TASK ITEM = Repeat the listing that follows, character for character, minus the pictures.

*** Opening SUPPLIED INFORMATION ***

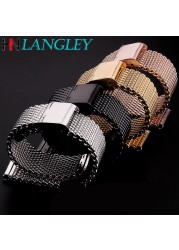 Fine Mesh Watch Strap Stainless Steel Milanese Strap Mesh Wristband 1.0 Wire Buckle Watch Strap Accessories 18mm 20mm 22mm 24mm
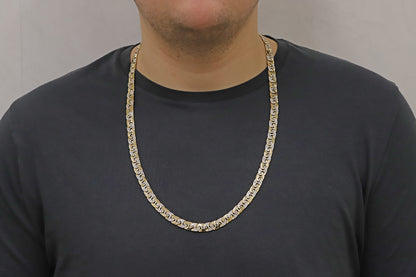 9ct Yellow Gold Polished And Gemset Mariner 8.8mm Chain- 28"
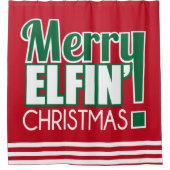 おもしろいでメリーなElfinのクリスマスのシャワー・カーテン シャワーカーテン (正面)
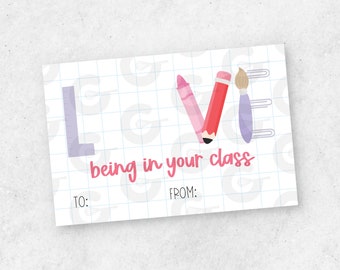Teacher Valentine's Day Cookie Printable - 6x4 (2/page, ready to print and cut)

*** Closing SUPPLIED INFORMATION ***

YOUR SOLUTION =
 Fine Mesh Watch Strap Stainless Steel Milanese Strap Mesh Wristband 1.0 Wire Buckle Watch Strap Accessories 18mm 20mm 22mm 24mm
 9ct Yellow Gold Polished And Gemset Mariner 8.8mm Chain- 28"
 おもしろいでメリーなElfinのクリスマスのシャワー・カーテン シャワーカーテン (正面)
Teacher Valentine's Day Cookie Printable - 6x4 (2/page, ready to print and cut)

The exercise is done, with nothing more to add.